[SUPPLIED ENTRIES]
[Start of Attachment]

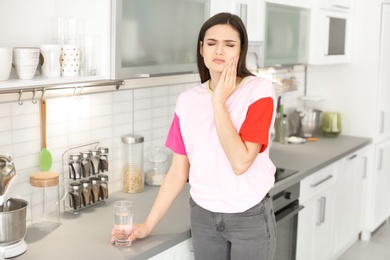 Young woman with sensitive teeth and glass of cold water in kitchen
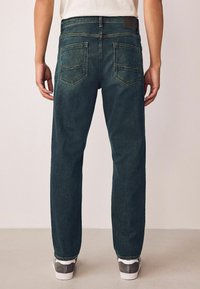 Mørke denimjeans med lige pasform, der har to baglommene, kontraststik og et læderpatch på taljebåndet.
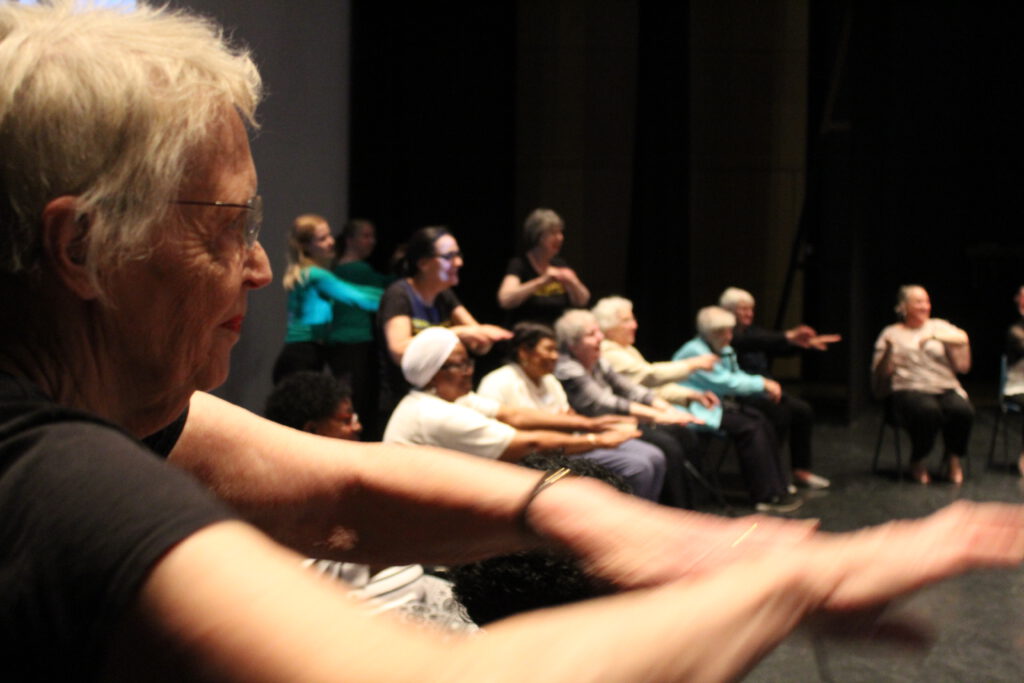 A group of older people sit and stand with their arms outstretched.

[End of Attachment]
[Start of Attachment]

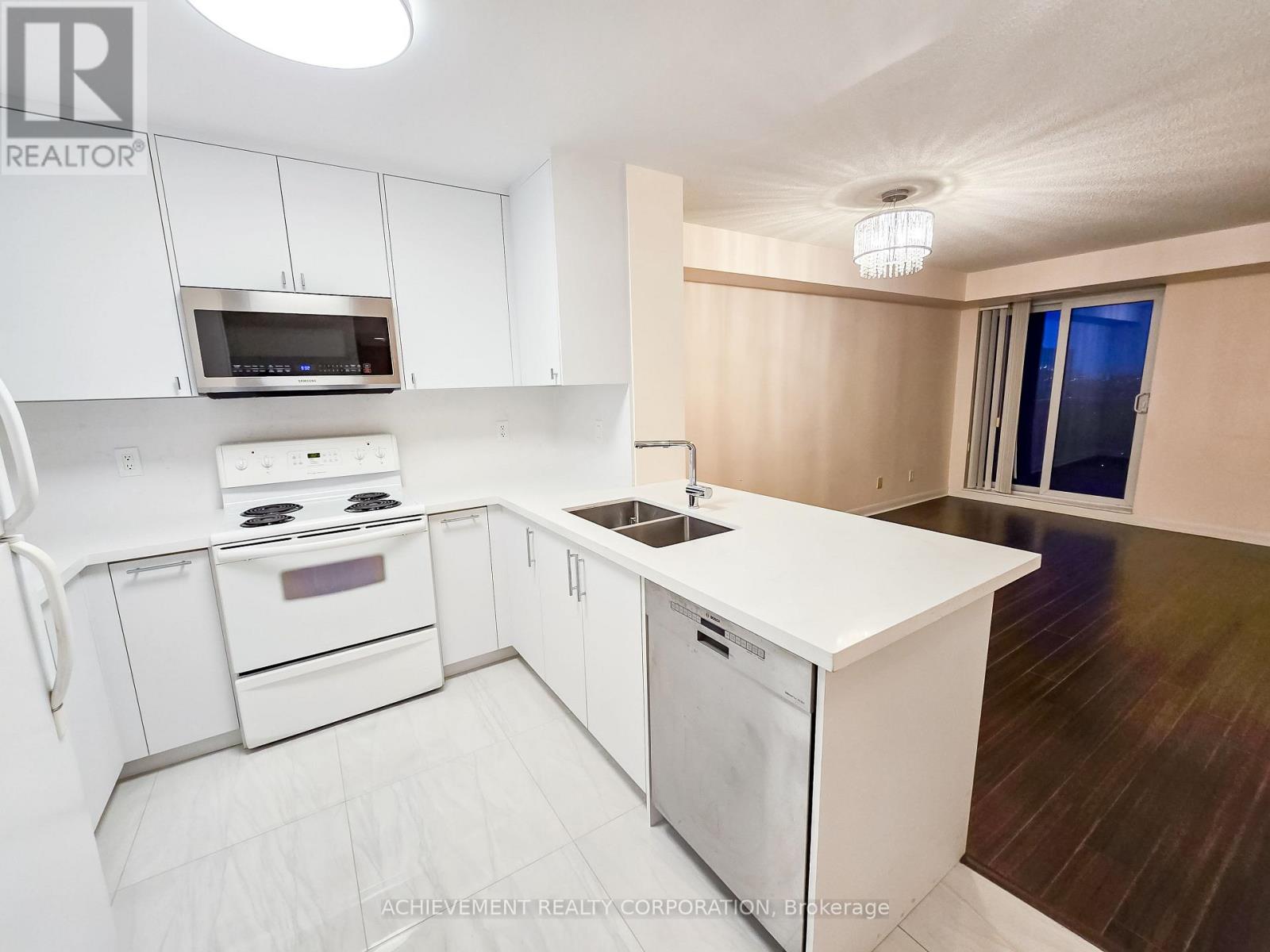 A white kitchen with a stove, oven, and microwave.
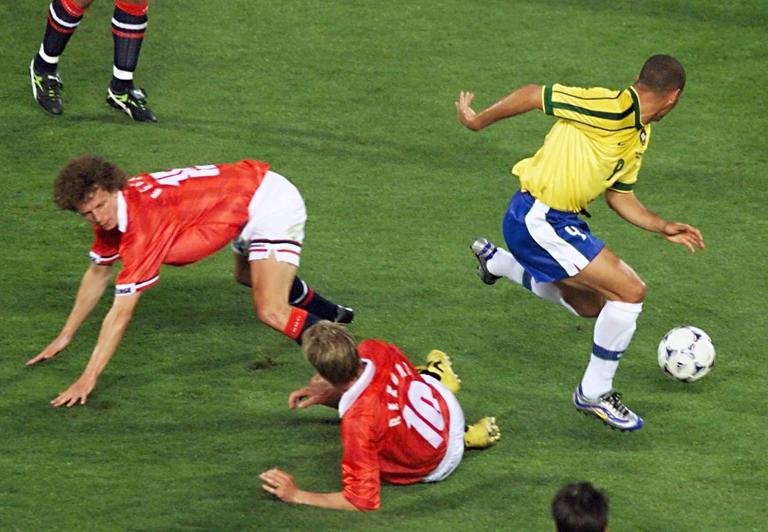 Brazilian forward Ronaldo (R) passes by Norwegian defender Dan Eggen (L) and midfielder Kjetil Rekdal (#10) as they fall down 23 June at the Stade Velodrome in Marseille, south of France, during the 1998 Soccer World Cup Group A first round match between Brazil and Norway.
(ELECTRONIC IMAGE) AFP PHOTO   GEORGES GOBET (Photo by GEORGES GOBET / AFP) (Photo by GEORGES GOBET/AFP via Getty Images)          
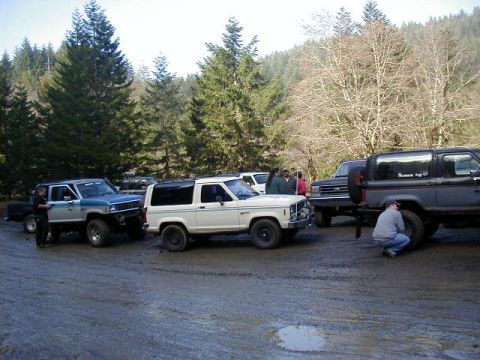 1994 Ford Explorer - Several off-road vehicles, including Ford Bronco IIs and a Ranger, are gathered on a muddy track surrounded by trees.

[End of Attachment]

[WORK INSTRUCTIONS] In the listing above, find the line containing "Young woman with" and the line containing "A group of older", then print exactly those two lines and every line between them, minus the pictures.

[TASK ANSWER]
 Young woman with sensitive teeth and glass of cold water in kitchen
 Mørke denimjeans med lige pasform, der har to baglommene, kontraststik og et læderpatch på taljebåndet.
 A group of older people sit and stand with their arms outstretched.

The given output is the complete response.